交易条件とは、輸出品価格と輸入品価格の比である。「海外で自動車1台を売った」金額で購入できる「原油の量」といったイメージで理解すると良いだろう。ここから、為替レートが円安になると、海外での日本車価格が安くなるために自動車1台を売った額で購入できる原油の量が減る─と考える人もいるかもしれない。
しかし、現実の市場ではそんなことは生じていない。日本製品の海外販売価格の多くはドル建てで設定されている。為替レートが変わっても、1万ドルで売れていた商品を9000ドルに値下げしたりはしない。円で決済される輸出も少なくないが、その多くは日系企業とその系列海外企業との取引である。米国内の日本車価格と原油価格の比に為替レートが与える影響はわずかなものである。
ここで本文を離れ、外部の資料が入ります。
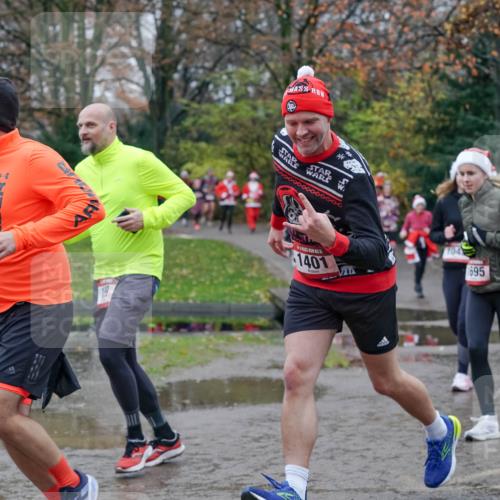 07.12.2025 - St. Pauli X-Mass-Run No. 15 Michael Burmester http://msf.ph/oto/9402678 07.12.2025 10:43:40 Laufen 1401, 1695, 1048 meine-sportfotos.de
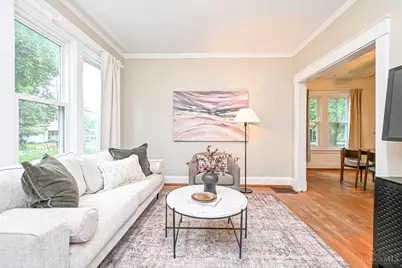 1525 Maple Avenue, Cincinnati, OH 45215 - Photo 5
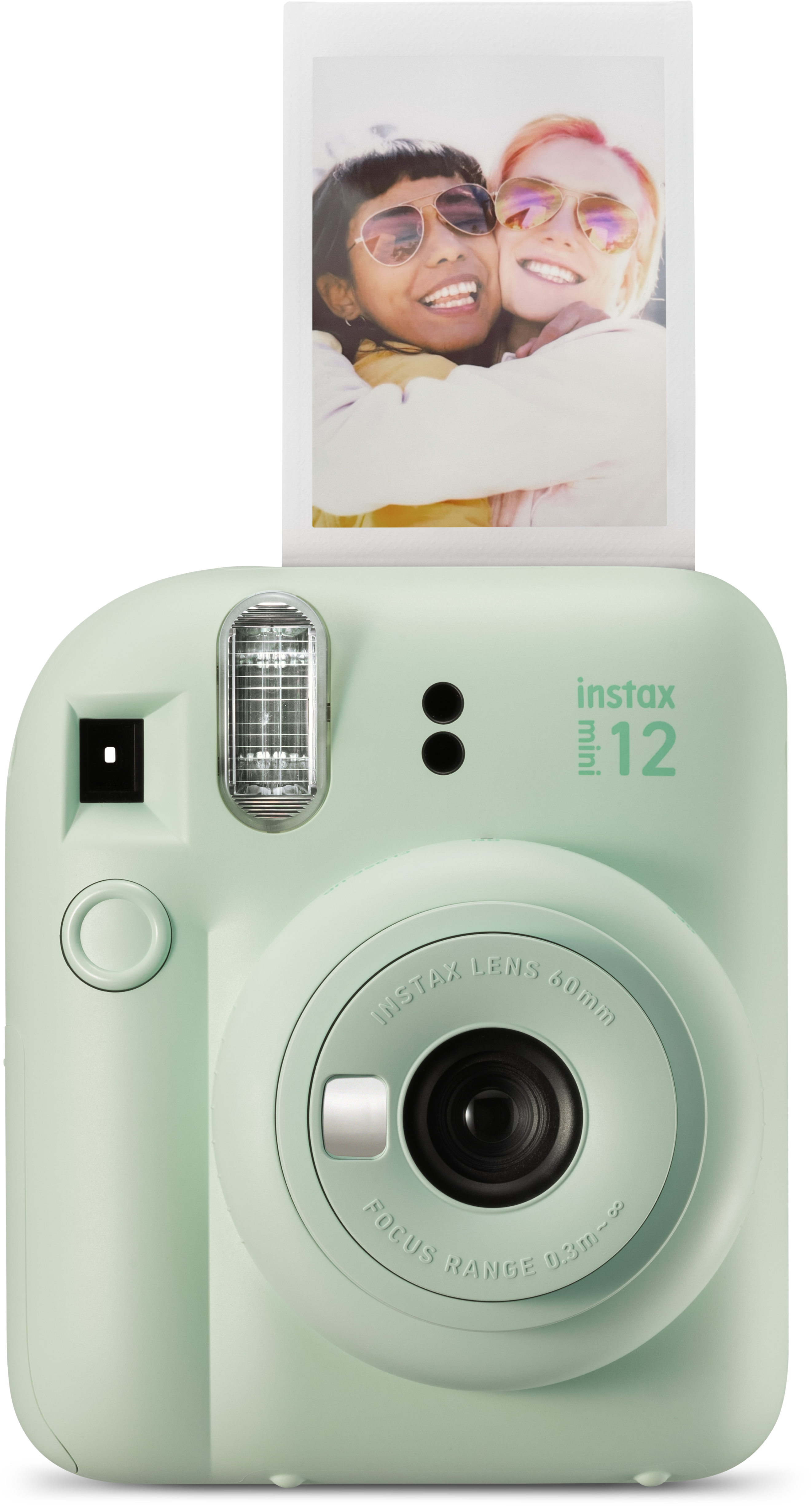 Eine mintgrüne Instax Mini 12 Kamera mit einem Foto von zwei sich umarmenden Personen.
では近年の交易条件の悪化は、何によって生じているのか。資源・エネルギーの国際価格の高騰によってである。論より証拠ということで、過去15年間の交易条件と原油価格(ドバイ)の推移を比較してみよう(下図)。
両者の動きは区別がつかないほどに一致している。日本の輸出品でどれだけの輸入品を買えるかという交易条件は、日本の国力や日本製品の世界での評価ではなく、資源価格だけで決まっているといっても過言ではない。そして、国際的な資源価格は日本の経済政策によって変化するものではない。
百歩譲って、円安が交易条件を悪化させているという主張は、交易条件と実質為替レートを混同しているだけなのかもしれない。確かに、両者は国際経済学のテキストで近いページに載っていることが多い。ちなみに、現在の円安が特殊で異常なことであると印象づけるために用いられる実質実効為替レートは、複数の国の実質為替レートを平均した値である(貿易額を用いた加重平均)。通常の為替レート(名目為替レート)で見ると、現在の円安は15年頃にも経験した水準だ。01年には130円台まで円安が進んだこともある。一方で、実質実効為替レートで見ると、現在は固定相場制下の1972年以来の円安水準ということになるらしい。